If I tried to pinpoint the experiences that turned me into a philosopher, apart from the many books -- Schopenhauer has a point but it shouldn't be stretched too far --, I'm sure they predate my consciousness of it. 15 years ago, I would say that unrequited love and walks along the beach were the stimulus, but I know better by now. (I'm a better philosopher too :D). Watching my 4-year old son grow up has shown me that I was very lucky in the very early experiences. I'm doing my best to give him what I received. Perhaps I am more conscious and articulated than my parents and close relatives in transmitting that experience, but it was not created independently by me.
I think that a philosopher is made by the sum of circumstances and openness. I received the first from my environment and the second from God (or heredity or inner nature if one does not want to be religious about it).

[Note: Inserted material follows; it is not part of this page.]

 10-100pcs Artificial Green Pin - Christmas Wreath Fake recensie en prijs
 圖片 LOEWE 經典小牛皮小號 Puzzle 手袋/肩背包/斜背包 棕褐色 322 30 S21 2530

No, in philosophy, everything is up for grabs. Schopenhauer talks about this in the beginning of one of his works (I can't remember which, I think it was The World as Will and Representation).
Quoting kris22
Absolutely, every great philosopher had their own meta-philosophy. Self-reflexive criticism is the greatest asset of philosophy, because no other discipline can do it.
Kant had the idea that one does not "learn" philosophy, otherwise it would be subjective-historical. When one studies philosophy, they are studying all the previous attempts people had with philosophy. They are learning how to do philosophy by learning how others did it.
Quoting kris22
The rules are, be logical, rational, consistent, creative, honest, determined, etc. Also it helps to be a brilliant genius.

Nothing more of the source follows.